第42章 覚悟
光希は口元に手を当てて考える。
「刀鍛冶の里の襲撃か。こりゃ、何やらいろいろ絡んでいそうだな。まあ、悲鳴嶼さんから詳細は聞きます。皆さん情報は共有してますよね」
「会議で全て話している」
「わかりました。知らないのが俺だけなら、全体での話し合いはもう必要ありません」
光希は懐から筆記具を出して何やら書き物をする。
「誰かから全体での共有事項がなければ、解散としますが問題ありませんか」
「大丈夫だ」
「では、俺から、皆さんにお願いがあります」
「何だ」
「これから鬼舞辻との戦いまでの間に、皆さん、死支度をしてください」
「死支度……」
「ええ。思い残すことのないよう、よく考えて念入りにお願いします」
にこりと笑う光希。
「とりあえず、指令を渡します。確実にやってくださいね。命令です」
「義勇さんと、胡蝶さんはこれ」
光希は先程書いた紙を義勇に渡す。
「……?」
義勇は表情を変えることなく書かれた指令を読み、すっとしのぶに渡す。
『冨岡、胡蝶。屋敷内の空き部屋に二人で入り、一刻の間出ることを禁ず。途中での沈黙も禁止とする』
読んだ瞬間、口元を引つらせるしのぶ。
「了解した」
「はぁ……わかりました」
「実弥さんは、これ」
不死川は心底嫌そうな顔をして紙を受け取る。
『不死川玄弥に会いに行け』
「ふざけんな!」
「ふざけてません。
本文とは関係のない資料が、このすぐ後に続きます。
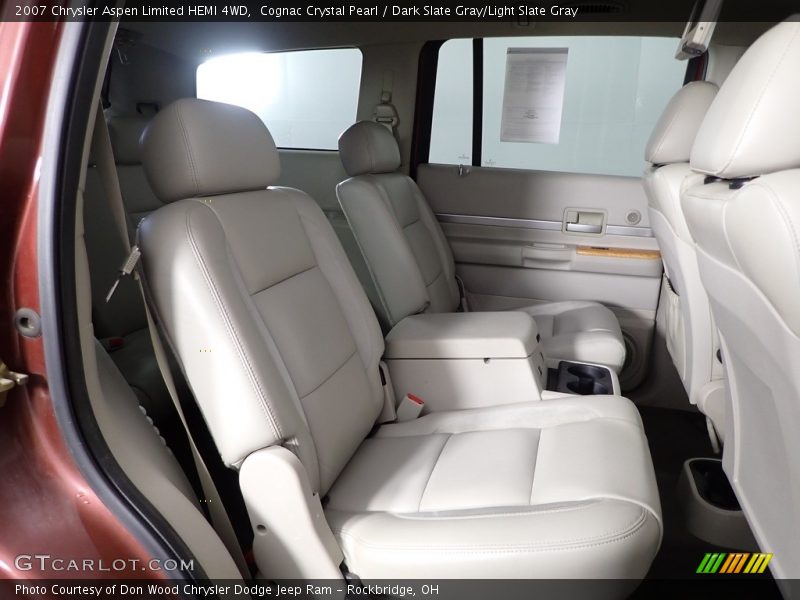 Cognac Crystal Pearl / Dark Slate Gray/Light Slate Gray 2007 Chrysler Aspen Limited HEMI 4WD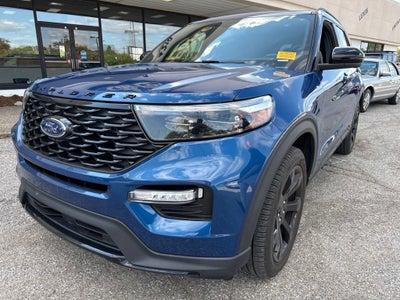 2023 Ford Explorer ST-Line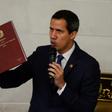 Venezuelan opposition leader and self-proclaimed acting president Juan Guaido in the National Assembly as pro-government lawmakers returned after a three-year boycott
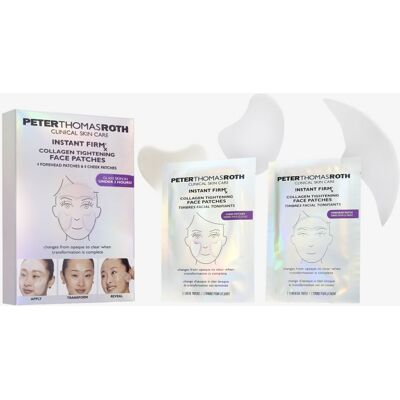Peter Thomas Roth Instant FIRMx σετ επιθεμάτων για ενίσχυση επιδερμίδας πρόσωπου Peter Thomas Roth Instant FIRMx σετ επιθεμάτων για ενίσχυση επιδερμίδας πρόσωπου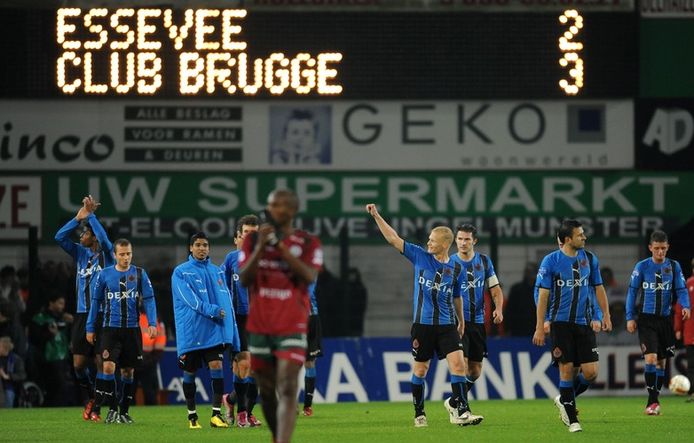 Bruges prend la mesure de Zulte-Waregem | Football Belge | 7sur7.be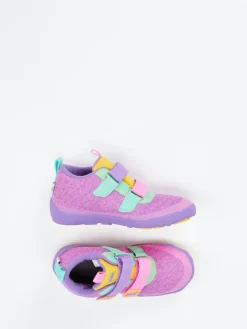 – Kinder-Sneaker aus gestricktem Textil Pink-Violett*Affenzahn Clearance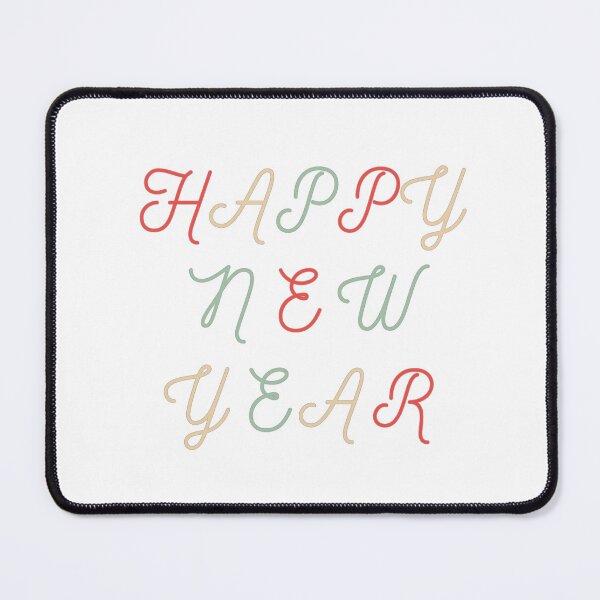 Item preview, Happy New Year Colourful designed and sold by Trendy-Now.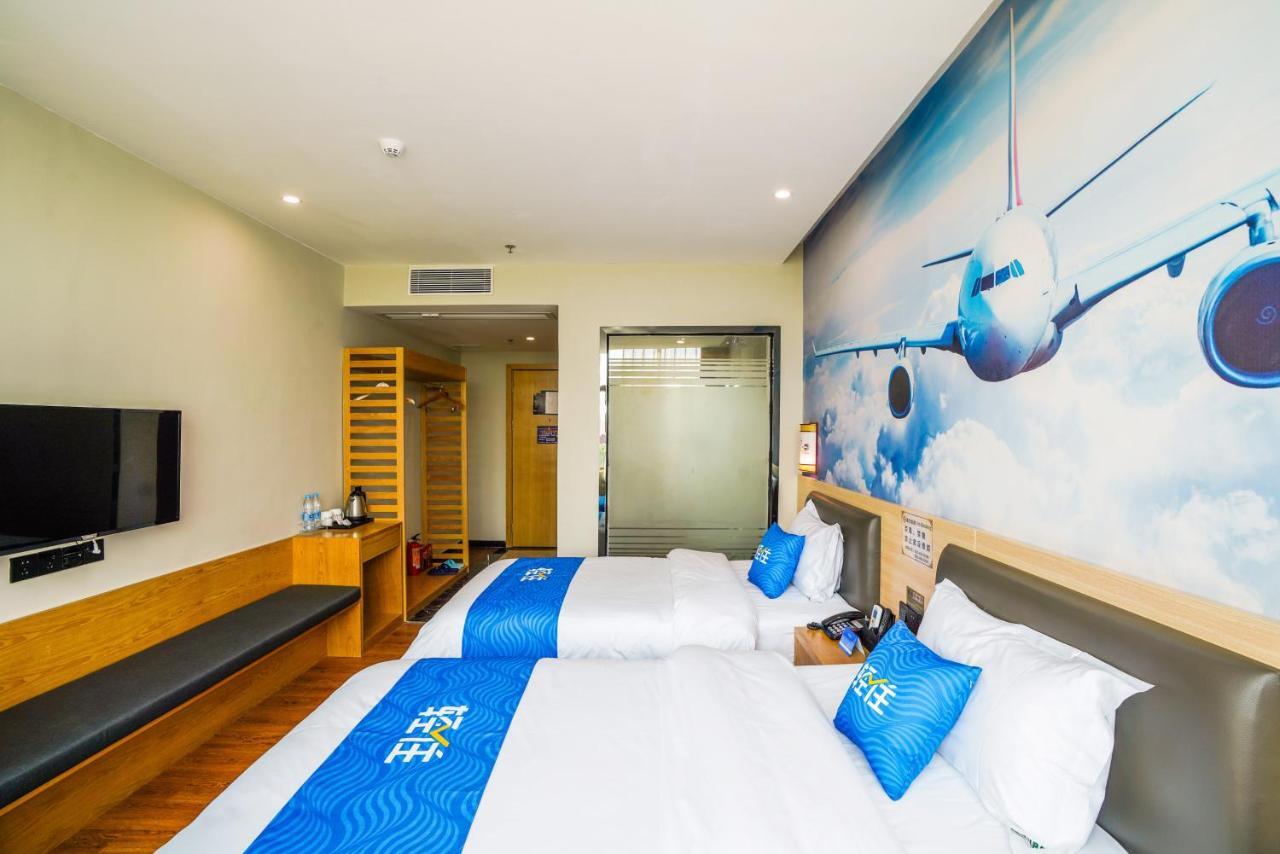 Felice Hotel-Guangzhou Baiyun International Airport Renhe Metro Station Branch Canton Extérieur photo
物凄く本気です」
「誰がやるかァ、こんなこと!」
「やれ。命令だ」
光希が不死川を見つめる。
「話せ、とは書いてないはずだ。見てこればいいんだ」
「チッ……」
「良いですか、皆さん。死支度は生きるための支度です。思い残すことがない方が、思い切り刀を振れる。敵にあと半歩、近付くことが出来るんだ。その半歩が生死を分ける」
光希は落ち着いて語りかける。
「生き残る為に死支度をしてください。心にしこりを残したまま戦場に来ることなきよう、どうかお願いします」
光希は頭を下げた。
「……私たちは、とんでもない隊士を上に立ててしまったのかもしれんな」
「悲鳴嶼さん、今、気付きましたか。俺はいつでもクビになりますからね」
光希は顔を上げて、へへへと笑った。